======== Raw data

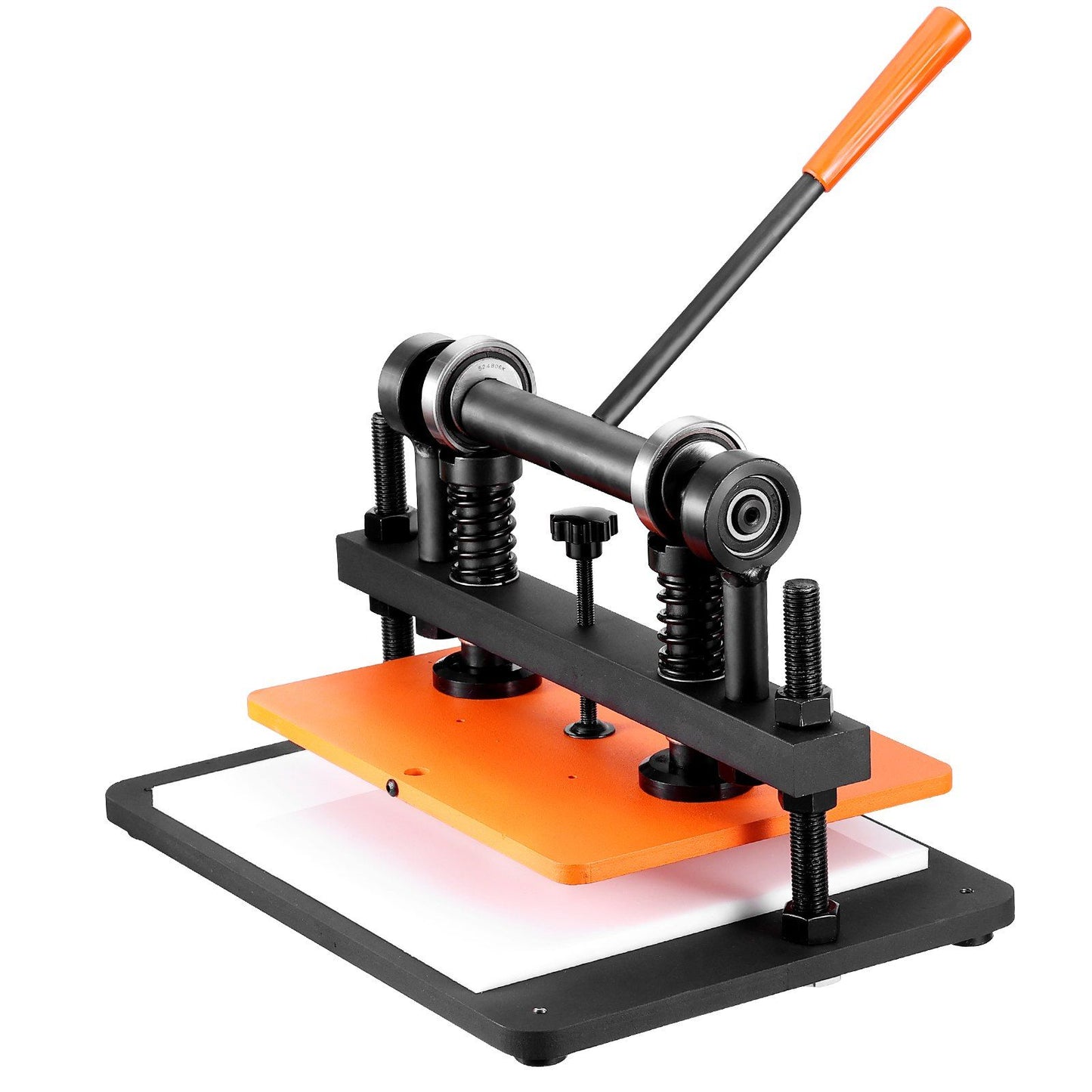 Leather Cutting Machine with 3306 lbs Load Capacity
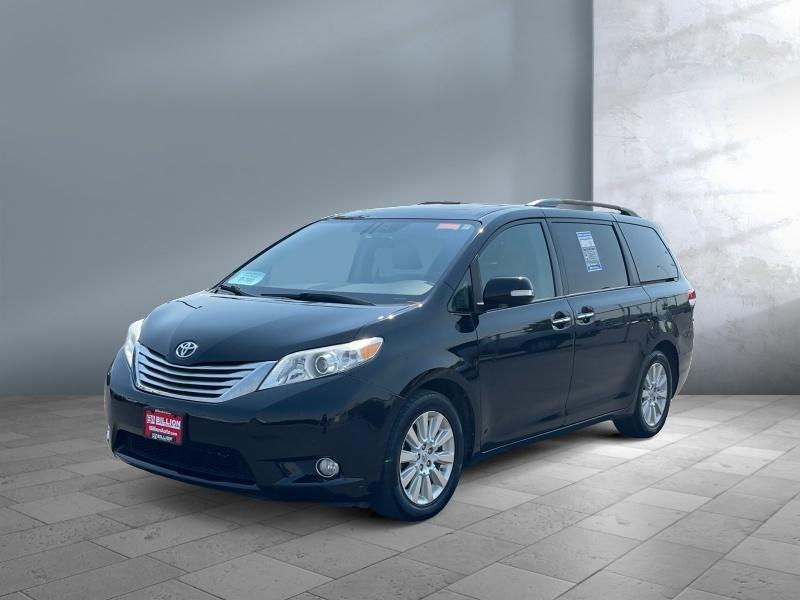 used 2013 Toyota Sienna car, priced at $10,995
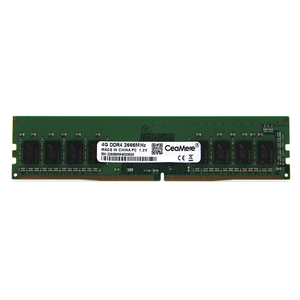 CeaMere memoria ram ad alte prestazioni ddr4 8gb pc 8gb ram per desktop - Product Image 2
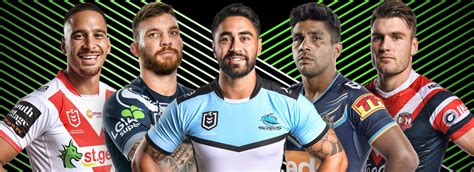 Find people interested in nrl football. Official updated 2019 squads for all NRL teams - QRL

================

What you should do –
Reproduce the whole listing word for word, setting aside any pictures.

Completed exercise –
 Leather Cutting Machine with 3306 lbs Load Capacity
 used 2013 Toyota Sienna car, priced at $10,995
 CeaMere memoria ram ad alte prestazioni ddr4 8gb pc 8gb ram per desktop - Product Image 2
 Find people interested in nrl football. Official updated 2019 squads for all NRL teams - QRL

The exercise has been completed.